Hacker News new | ask | show | jobs
by aborsy 632 days ago
I am not sure if this is correct. The consensus seems to be, there are a number of related bugs pertaining to ZFS raw send and receive. There seems to be a set of very special circumstances that trigger it. In fact, it’s so rare, that ZFS developers don’t have enough reports and dsta to reproduce and fix it. Moreover, those bugs have not led to data loss (someone may correct me if there are confirmed data loss reports among them).

Otherwise, software always has bugs that you can find their bulletins. Like I use restic and Borg and there are sometimes integrity errors. I have repositories in both with integrity errors in them.

1 comments

I've had a few cases data loss related to ZFS encryption, causing a total loss of a dataset and all of its ancestor snapshots. The key used by this dataset is simply missing from the keystore, and so it fails mounting with I/O error. We have no idea why or how could it happen, but the pool also had a lot of these "innocuous* bugs, while ZFS never reported a single error from the backing disks. This happened on two different full rebuilds (from scratch, using zpool-create and manual recreation of all datasets with rsync) of the same pool, but on the same hardware and with the same workload.
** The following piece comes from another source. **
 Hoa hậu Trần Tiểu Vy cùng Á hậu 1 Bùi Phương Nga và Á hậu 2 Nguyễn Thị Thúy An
I am 99.999% sure that this is caused by the native encryption code, probably compounded by sending very regular snapshots (not raw, though).

Weirdly, this only happened on a few datasets that were not used a lot, the datasets that have lots of IO have only had the innocuous errors (the ones that refer to deleted files).

I did try debugging some of this with a ZFS developer, but we were not able to recover the data, and digged deep enough to see that something was very wrong with these datasets (it was not just a bitflip somewhere, rather that dataset used a key from the keystore that was supposed to exist, but didn't.